Urban World: The Shifting Global Business Landscape - McKinsey Global Institute, Richard Dobbs, Jaana Remes, Sven Smit, James Manyika, Jonathan Woetzel & Yaw Agyenim-Boateng

Urban World: The Shifting Global Business Landscape

By McKinsey Global Institute, Richard Dobbs, Jaana Remes, Sven Smit, James Manyika, Jonathan Woetzel & Yaw Agyenim-Boateng

  • Release Date: 2013-10-03
  • Genre: Economics

Description

Emerging markets are changing where and how the world does business. For the last three decades, they have been a source of low-cost but increasingly skilled labor. Their fast-growing cities are filled with millions of new and increasingly prosperous consumers, who provide a new growth market for global corporations at a time when much of the developed world faces slower growth as a result of aging. But the number of large companies from the emerging world will rise, as well. This powerful wave of new companies could profoundly alter long-established competitive dynamics around the world. 

The emerging economies’ share of Fortune Global 500 companies will probably jump to more than 45 percent by 2025, up from just 5 percent in 2000. That’s because while three-quarters of the world’s 8,000 companies with annual revenue of $1 billion or more are today based in developed economies, we forecast that an additional 7,000 could reach that size in little more than a decade—and 70 percent of them will most likely come from emerging markets. 

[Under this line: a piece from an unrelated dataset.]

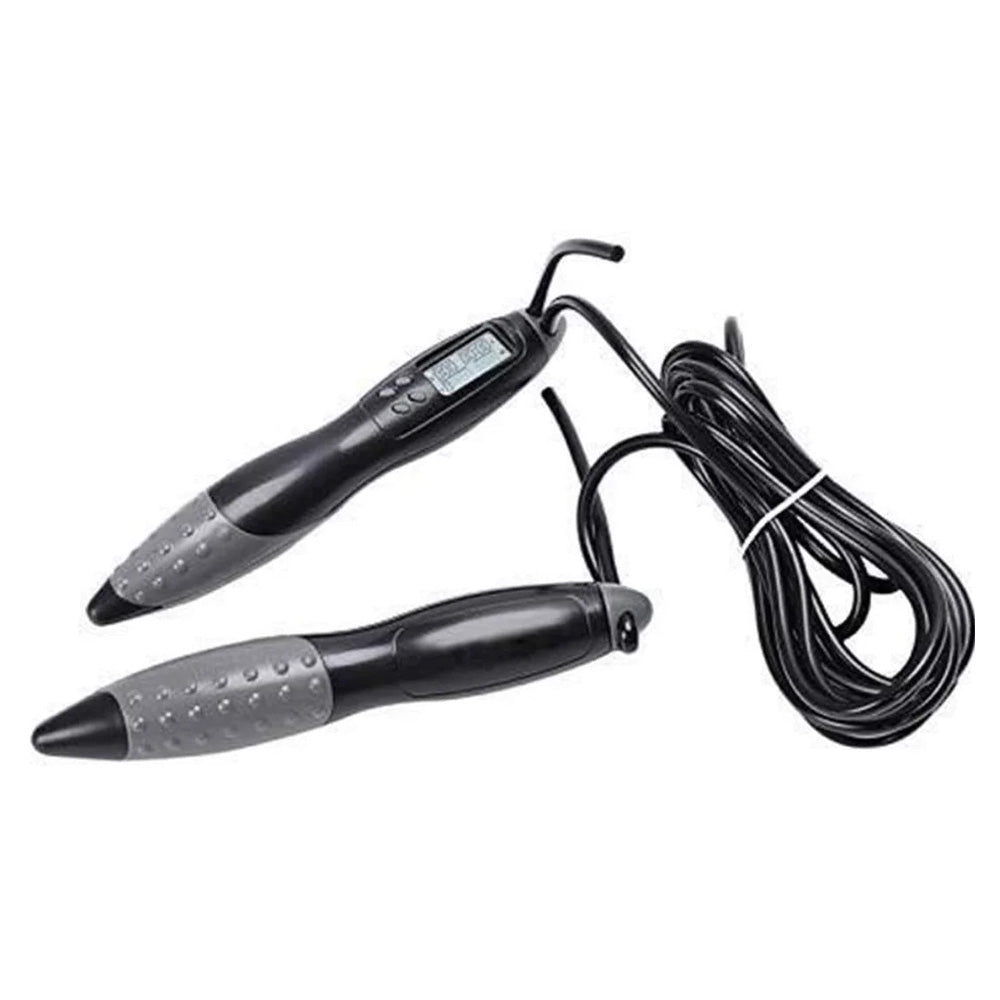 Σχοινάκι Γυμναστικής με Μετρητή York Fitness PVC Speed Rope With Counter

The rebalancing of the global business landscape will probably be even faster and more dramatic than the shift of economic growth to emerging regions. Large companies matter, and not just for their ability to create jobs and generate higher incomes; they are also forces for increased productivity, innovation, standard setting, and the dissemination of skills and technology. Their geographic shift will have profound implications for the nature of competition, including not only the race for resources and talent but also, more broadly, the emerging markets’ efforts to reach the next level of economic development and prosperity.